Recursos podem ficar fora do teto de gastos e ministro diz ter aval de Bolsonaro para planejar gastos públicos
O ministro Rogério Marinho (Desenvolvimento Regional) negocia no governo a liberação de pelo menos R$ 8 bilhões neste ano para obras públicas a serem executadas por diferentes órgãos ligados a sua pasta.
Parte desse valor pode ser concedido por meio de emendas parlamentares, e ficar até mesmo fora do teto de gastos.
A movimentação de Marinho por mais recursos públicos gerou incômodo do ministro Paulo Guedes (Economia), que tem criticado a tentativa de se usar o Tesouro para ações não ligadas diretamente à pandemia.
Marinho, por outro lado, comunicou que tem respaldo do presidente Jair Bolsonaro (sem partido) para planejar gastos públicos.
A justificativa é tentar reaquecer a atividade e gerar empregos no pós-pandemia.
“Se existirem divergências [com Guedes], são de visões de Estado ou algo parecido. Nada pessoal”, disse Marinho há duas semanas.
O plano de obras e ações do MDR (Ministério do Desenvolvimento Regional) depende, porém, de um acordo com o Ministério da Economia, que decidirá sobre o repasse a Marinho pelos chamados créditos adicionais.
Os R$ 8 bilhões solicitados seriam repartidos entre as secretarias da pasta do Desenvolvimento Regional. Uma parte iria, por exemplo, para a reformulação do Minha Casa Minha Vida.
Em um dos pedidos feitos por Marinho, um repasse de R$ 2,4 bilhões atenderia até emendas de parlamentares —cerca de R$ 83 milhões. Emenda é uma forma de um congressista destinar dinheiro federal para uma obra em sua base eleitoral, ganhando assim capital político.

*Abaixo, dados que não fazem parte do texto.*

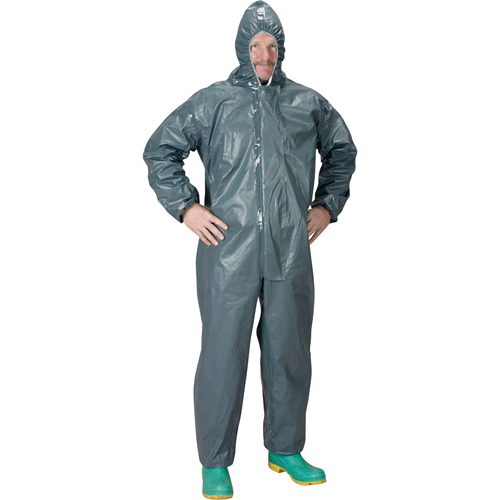 2.0 Mil CRFR Hooded Coveralls, X-Large, Grey, FR Treated Fabric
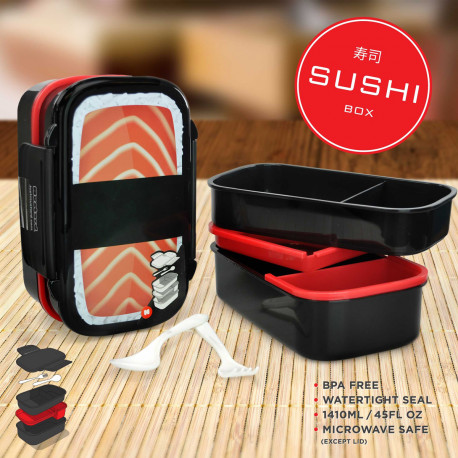 Cette Bento Box pleine de charme et d’originalité prend la forme d’un méga sushi… Disposant de nombreux emplacements et de couverts, cette boîte renferme cinq compartiments dans lesquels vous pourrez disposer tout votre repas ! 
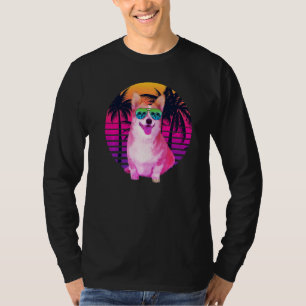 Retro Vintage Corgi Hond Tropisch Strand Zomer Vak T-shirt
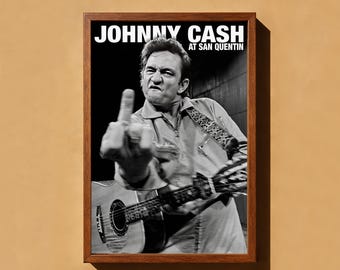 Johnny Cash, Music Fan Collectibles, Middle Finger, Vintage Photo Print, Music Wall Decor, Posters Gifts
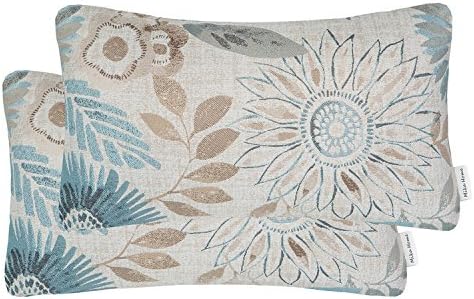 Mika Home Pack of 2 Decorative Oblong Rectangular Throw Pillow Cover Cushion Cases for Chair,Sunflower Pattern,12x20 Inches, Blue Cream by MikaHome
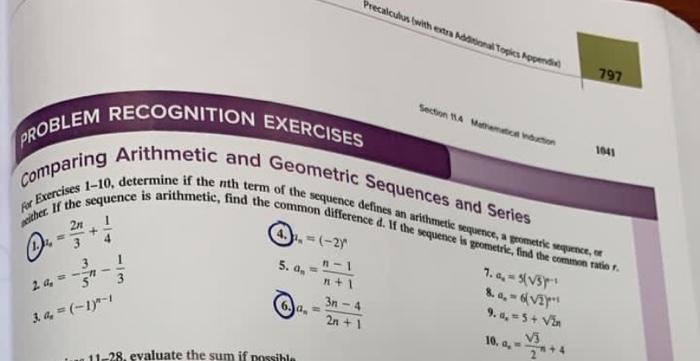 Solved PROBLEM RECOGNITION EXERCISES comparing Arithmetic | Chegg.com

O governo de Bolsonaro tem se aproximado de partidos do centrão —grupo independente e que representa boa parte do Legislativo— num movimento de buscar apoio político num momento de crise econômica e política.
O ministério de Marinho reúne órgãos tradicionalmente usados para agradar o centrão com cargos.
Nesta solicitação de R$ 2,4 bilhões, a SNSH (Secretaria Nacional de Segurança Hídrica) seria a maior beneficiária, com R$ 1,6 bilhão, para programações como construção de barragens e adutoras.
Três ações emergenciais são ligadas ao programa de integração do rio São Francisco (Eixo Norte, Ramal do Agreste Pernambucano e a Adutora do Agreste de Pernambuco).
A ala militar do governo, liderada pelo general Braga Netto (Casa Civil), considera que a economia não vai se recuperar quando o isolamento acabar, sendo necessário investimento público para gerar empregos rapidamente. O plano foi rejeitado por Paulo Guedes (Economia)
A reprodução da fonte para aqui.